Communicate the data: How missing data biases data-driven decisions

October 26, 2020

This is the third post in a series about how missing data biases data-driven decisions. Start at the beginning: What’s missing? Reduce bias by addressing data gaps in your analysis process.

Communicating the results of a data analysis process is crucial to making a data-driven decision. You might review results communicated to you in many ways:

A slide deck presented to you
An automatically-generated report emailed to you regularly
A white paper produced by an expert analysis firm that you review
A dashboard full of curated visualizations
A marketing campaign

If you’re a data communicator, what you choose to communicate (and how you do so) can cause data to go missing and possibly bias data-driven decisions made as a result. In this post, I’ll cover the following:

A marketing campaign that misrepresents the results of a data analysis process
A renowned white paper produced by leaders in the security space
How data goes missing at the communication stage
What you can do about missing data at the communication stage

Spotify Wrapped: Your “year” in music #

If you listen to music on Spotify, you might have joined in the hordes of people that viewed and shared their Spotify Wrapped playlists and images like these last year.

Screenshot of Spotify Wrapped graphic showing “we spend some serious time together”

Spotify Wrapped is a marketing campaign that purports to communicate your year in music, based on the results of some behind-the-scenes data analysis that Spotify performs. While it is a marketing campaign, it’s still a way that data analysis results are being communicated to others, and thus relevant to this discussion of missing data in communications.

Screenshot of Spotify Wrapped campaign showing “You were genre-fluid”

Screenshot of Spotify Wrapped campaign showing that I discovered 1503 new artists.

In this case you can see that my top artists, top songs, minutes listened, and top genre are shared with me, along with the number of artists that I discovered, and even the number of minutes that I spent listening to music over the last year. It’s impressive, and exciting to see my year in music summed up in such a way!

But after I dug deeper into the data, the gaps in the communication and data analysis became apparent. What’s presented as my year in music is actually more like my “10 months in music”, because the data only represents the period from January 1st to October 31st of 2019. Two full months of music listening behavior are completely missing from my “year” in music.

Unfortunately, these details about the dataset are missing from the Spotify Wrapped campaign report itself, so I had to search through additional resources to find out more information. According to a now-archived FAQ on Spotify for Artists (thank goodness for the Wayback Machine), the data represented in the campaign covers the dates from January 1st, 2019 – October 31st, 2019. I also read two key blog posts, Spotify Wrapped 2019 Reveals Your Streaming Trends, from 2010 to Now announcing the campaign and Unwrapping Wrapped 2019: Spotify VP of Engineering Tyson Singer Explains digging into the data analysis behind the campaign, to learn what I could about the size of the dataset, or how many data points might be necessary to draw the conclusions shared in the report.
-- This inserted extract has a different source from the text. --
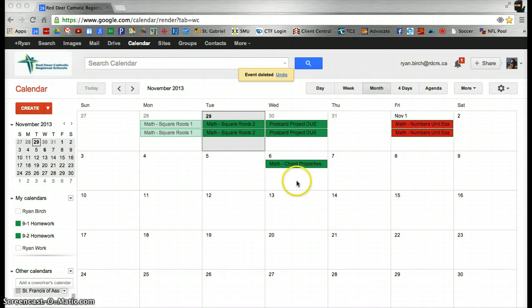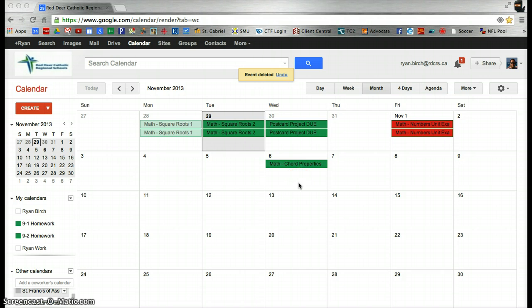For example, once I've created an event in my 9-1 homework calendar, instead of recreating that event in my 9-2 homework calendar, I'm simply going to copy it to my 9-2 homework calendar.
Screenshot of Spotify FAQ question “Why are my 2019 Artist Wrapped stats different from the stats I see in Spotify for Artists?”

Screenshot of Spotify FAQ answering the question “How do I get my 2019 Artist Wrapped?” with the first line of the answer being “If you have music on Spotify with at least 3 listeners before October 31st 2019, you get a 2019 Wrapped!”

This is a case where data is going missing from the communication because the data is presented as though it represents an entire time period, when in fact it only represents a subset of the relevant time period. Not only that, but it’s unclear what other data points actually represent. The number of minutes spent listening to music in those 10 months could be calculated by adding up the actual amount of time I spent listening to songs on the service, but could also be an approximate metric calculated from the number of streams of tracks in the service. It’s not possible to find out how this metric is being calculated. If it is an approximate metric based on the number of streams, that’s also a case of uncommunicated missing data (or a misleading metric), because according to the Spotify for Artists FAQ, Spotify counts a song as streamed if you’ve listened to at least 30 seconds of a track.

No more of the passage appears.